De fin novembre 2014 à début février 2014, le Dr Brice
Daverton a travaillé avec MSF à l’hôpital général de référence de Rutshuru,
dans la province du Nord-Kivu, en République démocratique du Congo (RDC). Il
revient sur le pic de paludisme sans précédent dont il a été témoin ainsi que
sur ce que nos équipes médicales ont entrepris pour soigner les enfants,
premières victimes de cette pathologie.
« Il y avait des enfants hospitalisés partout, jusqu’à trois par lit. Nous
avions en moyenne 200 patients hospitalisés, surtout des petits, âgés de moins
de cinq ans, parfois plusieurs membres d’une même fratrie.
Au total, en novembre et décembre, nous enregistrions plus de 700
admissions par semaine. Nous tournions à près de 300 % de taux d’occupation des
lits. Le personnel congolais n’avait jamais connu ça, c’était, selon eux, le
plus important pic de paludisme auquel ils aient jamais eu à faire face, à la
fois en termes de gravité, mais aussi de nombre des cas et de durée du pic.
C’est pour cette raison que je suis parti sur place, afin de renforcer les
équipes.
Bien sûr, je n’avais jamais vu cela auparavant, ni au cours de ma
précédente mission avec MSF à Paoua, en République centrafricaine (RCA), et
encore moins en France*. Nous « perdions » des patients tous les jours. Nous ne
sommes pas habitués à cela, ce n’est pas ce pourquoi on s’engage dans la
médecine ou l’humanitaire. Pour un soignant, c’est très dur à vivre. Ca non
plus, je ne l’avais jamais connu en occident, c’est très rare, alors qu’à
Rutshuru, c’était malheureusement quotidien...
C’était d’autant plus impressionnant que nous étions en plus confrontés à
des pathologies qui compliquaient encore la prise en charge des cas les plus
sévères. Nous faisions ainsi face à de nombreuses infections respiratoires et
des états septiques sévères. Les enfants souffrant de malnutrition étaient
soignés dans le département spécialisé. Chez les moins de cinq ans, les
carences protéiniques affaiblissent énormément les organismes et les défenses
immunitaires. Ces patients sont les plus fragiles.
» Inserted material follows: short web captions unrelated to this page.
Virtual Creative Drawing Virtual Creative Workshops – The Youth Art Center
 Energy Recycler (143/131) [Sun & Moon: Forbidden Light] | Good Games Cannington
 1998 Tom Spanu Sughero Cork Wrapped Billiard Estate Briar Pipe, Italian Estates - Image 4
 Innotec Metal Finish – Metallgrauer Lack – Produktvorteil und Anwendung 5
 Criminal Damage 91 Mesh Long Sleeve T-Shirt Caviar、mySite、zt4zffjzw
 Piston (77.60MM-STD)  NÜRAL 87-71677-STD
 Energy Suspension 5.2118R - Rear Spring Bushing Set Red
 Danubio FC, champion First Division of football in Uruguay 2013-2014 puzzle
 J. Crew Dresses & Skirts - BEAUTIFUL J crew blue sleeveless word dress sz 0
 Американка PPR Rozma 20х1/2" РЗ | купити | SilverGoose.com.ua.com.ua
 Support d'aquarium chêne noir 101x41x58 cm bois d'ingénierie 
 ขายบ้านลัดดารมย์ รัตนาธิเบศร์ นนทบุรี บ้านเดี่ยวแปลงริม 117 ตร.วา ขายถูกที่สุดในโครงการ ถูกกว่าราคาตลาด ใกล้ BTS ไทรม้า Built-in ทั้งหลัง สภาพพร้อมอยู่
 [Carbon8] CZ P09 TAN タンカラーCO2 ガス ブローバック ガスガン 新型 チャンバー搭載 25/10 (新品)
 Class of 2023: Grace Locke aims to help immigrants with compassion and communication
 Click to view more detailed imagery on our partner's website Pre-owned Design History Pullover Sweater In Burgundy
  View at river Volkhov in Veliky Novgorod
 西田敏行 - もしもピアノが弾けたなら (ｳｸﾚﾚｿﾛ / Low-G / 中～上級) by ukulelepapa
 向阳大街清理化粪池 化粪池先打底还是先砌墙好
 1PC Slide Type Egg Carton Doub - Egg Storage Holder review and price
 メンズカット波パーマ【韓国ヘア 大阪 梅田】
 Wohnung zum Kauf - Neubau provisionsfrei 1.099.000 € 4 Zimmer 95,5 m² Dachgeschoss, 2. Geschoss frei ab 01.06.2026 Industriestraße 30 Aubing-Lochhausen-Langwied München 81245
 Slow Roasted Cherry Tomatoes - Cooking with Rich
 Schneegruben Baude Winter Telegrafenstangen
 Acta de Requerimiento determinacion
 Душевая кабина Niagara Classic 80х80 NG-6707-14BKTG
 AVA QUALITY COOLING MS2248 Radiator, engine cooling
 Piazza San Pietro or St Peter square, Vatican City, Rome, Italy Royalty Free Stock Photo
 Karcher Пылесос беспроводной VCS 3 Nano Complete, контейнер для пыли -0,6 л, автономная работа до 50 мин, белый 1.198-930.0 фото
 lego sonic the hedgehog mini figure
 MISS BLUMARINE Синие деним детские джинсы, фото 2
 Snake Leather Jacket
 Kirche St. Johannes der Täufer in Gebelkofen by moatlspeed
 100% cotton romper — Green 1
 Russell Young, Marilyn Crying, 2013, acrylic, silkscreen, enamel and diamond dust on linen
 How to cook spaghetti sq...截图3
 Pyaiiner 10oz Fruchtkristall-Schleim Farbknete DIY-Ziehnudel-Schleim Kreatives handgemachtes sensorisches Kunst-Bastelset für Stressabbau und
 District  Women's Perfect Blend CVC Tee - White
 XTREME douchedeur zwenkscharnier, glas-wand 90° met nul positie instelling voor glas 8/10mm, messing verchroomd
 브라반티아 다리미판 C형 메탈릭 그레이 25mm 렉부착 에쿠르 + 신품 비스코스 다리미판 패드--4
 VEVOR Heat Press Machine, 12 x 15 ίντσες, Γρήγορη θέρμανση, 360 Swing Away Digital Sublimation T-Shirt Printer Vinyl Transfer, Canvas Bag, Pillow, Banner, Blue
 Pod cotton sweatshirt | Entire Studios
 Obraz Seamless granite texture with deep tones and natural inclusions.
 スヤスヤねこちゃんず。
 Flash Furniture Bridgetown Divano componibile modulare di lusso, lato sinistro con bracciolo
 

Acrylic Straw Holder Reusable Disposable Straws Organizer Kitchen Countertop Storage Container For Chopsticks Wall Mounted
Quand leur état de santé le permettait, les enfants souffrant d’un
paludisme « simple », étaient traités par voie orale, avec des dérivés «
d’Arthéméther » ; les cas sévères recevaient un autre traitement («
l’Artésunate ») en intraveineuse. Pour les enfants les plus à risque, ceux qui
convulsaient ou étaient fortement déshydratés nous mettions en place une
réhydratation et, si nécessaire, des antibiotiques. C’était une chance d’avoir
des traitements efficaces et diversifiés.
Quatre médecins congolais travaillaient en pédiatrie et deux autres aux
urgences. Pour les cas les plus graves, il fallait faire vite, on n’avait ni le
temps ni les moyens de multiplier les examens médicaux complémentaires. Sur le
terrain, l’examen clinique prime et c’est une grande différence aussi avec la
France. Cela va d’ailleurs certainement influencer la façon dont je vais
désormais m’occuper de mes patients ici.
Je me souviens d’un petit qui m’a vraiment marqué car son cas était très
grave. Ce garçon de huit ans faisait une crise de paludisme sévère, il
convulsait à son arrivée et était en détresse respiratoire. Nous l’avons
rapidement admis en soins intensifs. Je l’ai retrouvé trois jours après, dans
la salle de pédiatrie où il se rétablissait. Je n’oublierai jamais son petit
sourire et celui de sa maman qui m’a dit : « Il va bien docteur. Il est guéri
maintenant. » Là, on est vraiment content, on sait que ce que l’on fait sert à
quelque chose.
En plus de ce pic de paludisme sans précédent, MSF gère le « pôle chaud »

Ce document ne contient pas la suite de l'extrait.